WHAT YOU WILL DO: Would you transcribe the entries below, beginning at the line with "A rear window" and ending after the line with "Mini Goldendoodles are", exactly, with no picture and nothing more?

PROVIDED MATERIAL:

■ ■ ■ ■ ■

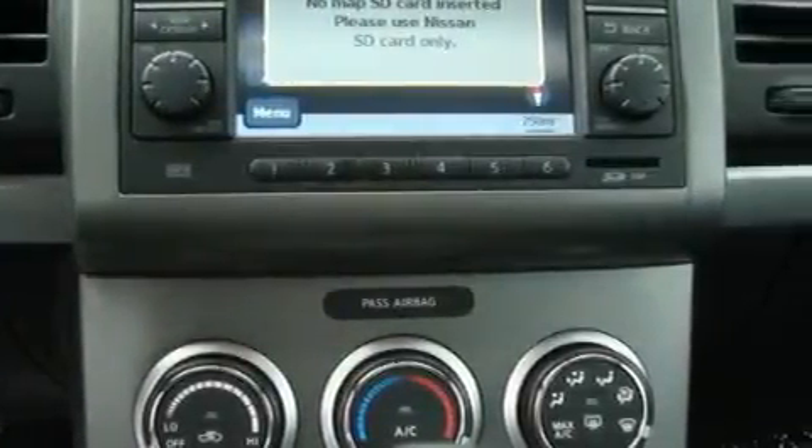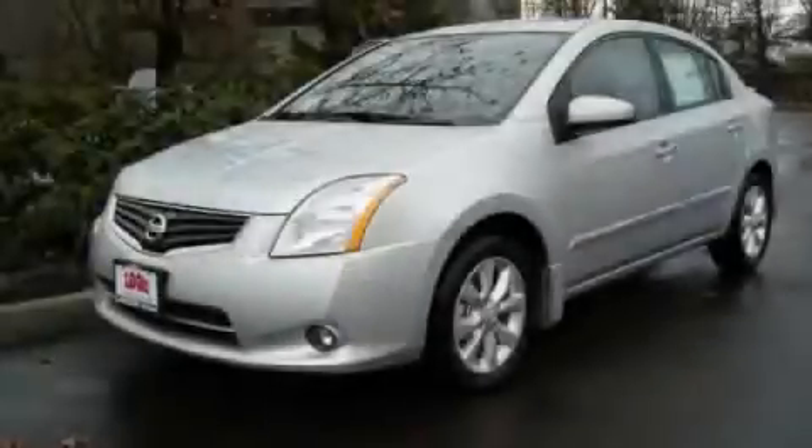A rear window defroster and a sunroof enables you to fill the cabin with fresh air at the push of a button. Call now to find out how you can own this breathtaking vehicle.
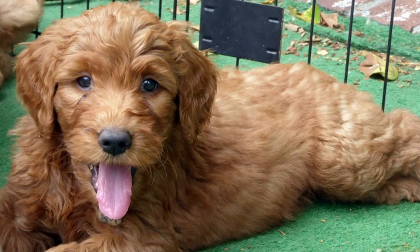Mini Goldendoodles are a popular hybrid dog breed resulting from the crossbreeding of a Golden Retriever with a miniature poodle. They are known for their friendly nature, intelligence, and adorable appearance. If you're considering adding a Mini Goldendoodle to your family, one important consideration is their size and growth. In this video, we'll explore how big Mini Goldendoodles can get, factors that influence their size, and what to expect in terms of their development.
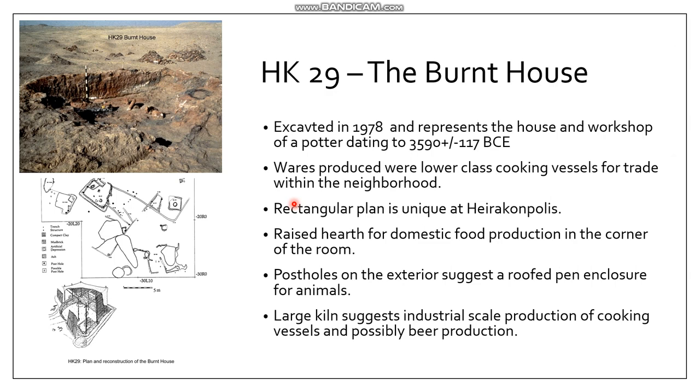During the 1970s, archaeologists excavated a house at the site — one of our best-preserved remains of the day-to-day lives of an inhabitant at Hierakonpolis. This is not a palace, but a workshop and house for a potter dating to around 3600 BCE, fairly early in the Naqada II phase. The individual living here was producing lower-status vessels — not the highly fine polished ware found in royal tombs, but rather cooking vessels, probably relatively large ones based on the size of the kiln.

■ ■ ■ ■ ■

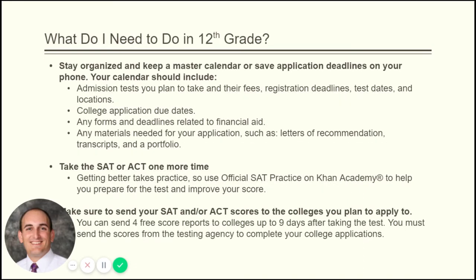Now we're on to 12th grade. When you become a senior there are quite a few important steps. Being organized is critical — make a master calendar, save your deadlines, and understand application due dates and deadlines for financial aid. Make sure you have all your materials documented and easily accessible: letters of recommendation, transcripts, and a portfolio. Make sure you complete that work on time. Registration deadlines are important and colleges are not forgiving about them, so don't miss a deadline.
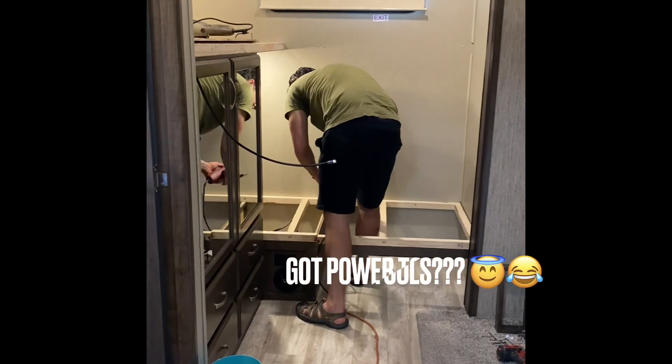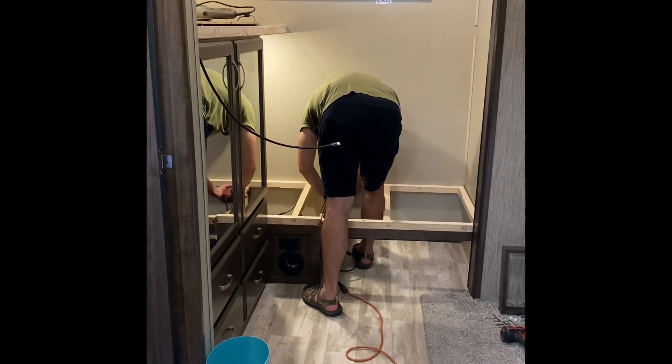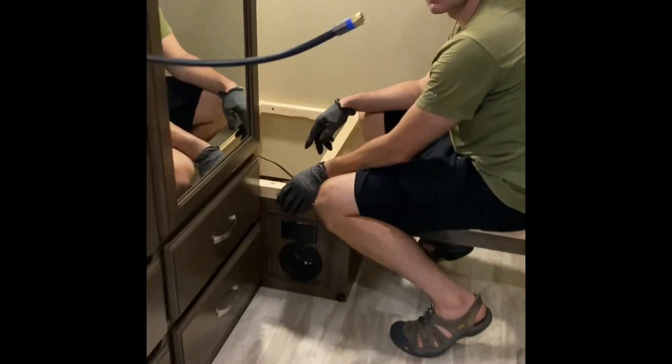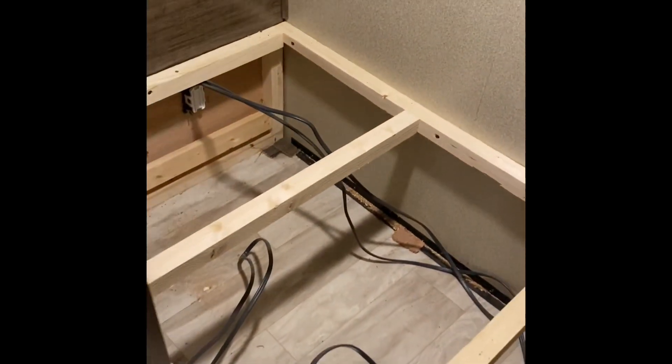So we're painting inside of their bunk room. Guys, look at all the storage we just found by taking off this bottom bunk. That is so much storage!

■ ■ ■ ■ ■

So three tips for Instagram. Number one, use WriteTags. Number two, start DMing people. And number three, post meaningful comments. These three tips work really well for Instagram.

■ ■ ■ ■ ■

ANSWER BELOW:
A rear window defroster and a sunroof enables you to fill the cabin with fresh air at the push of a button. Call now to find out how you can own this breathtaking vehicle.
Mini Goldendoodles are a popular hybrid dog breed resulting from the crossbreeding of a Golden Retriever with a miniature poodle. They are known for their friendly nature, intelligence, and adorable appearance. If you're considering adding a Mini Goldendoodle to your family, one important consideration is their size and growth. In this video, we'll explore how big Mini Goldendoodles can get, factors that influence their size, and what to expect in terms of their development.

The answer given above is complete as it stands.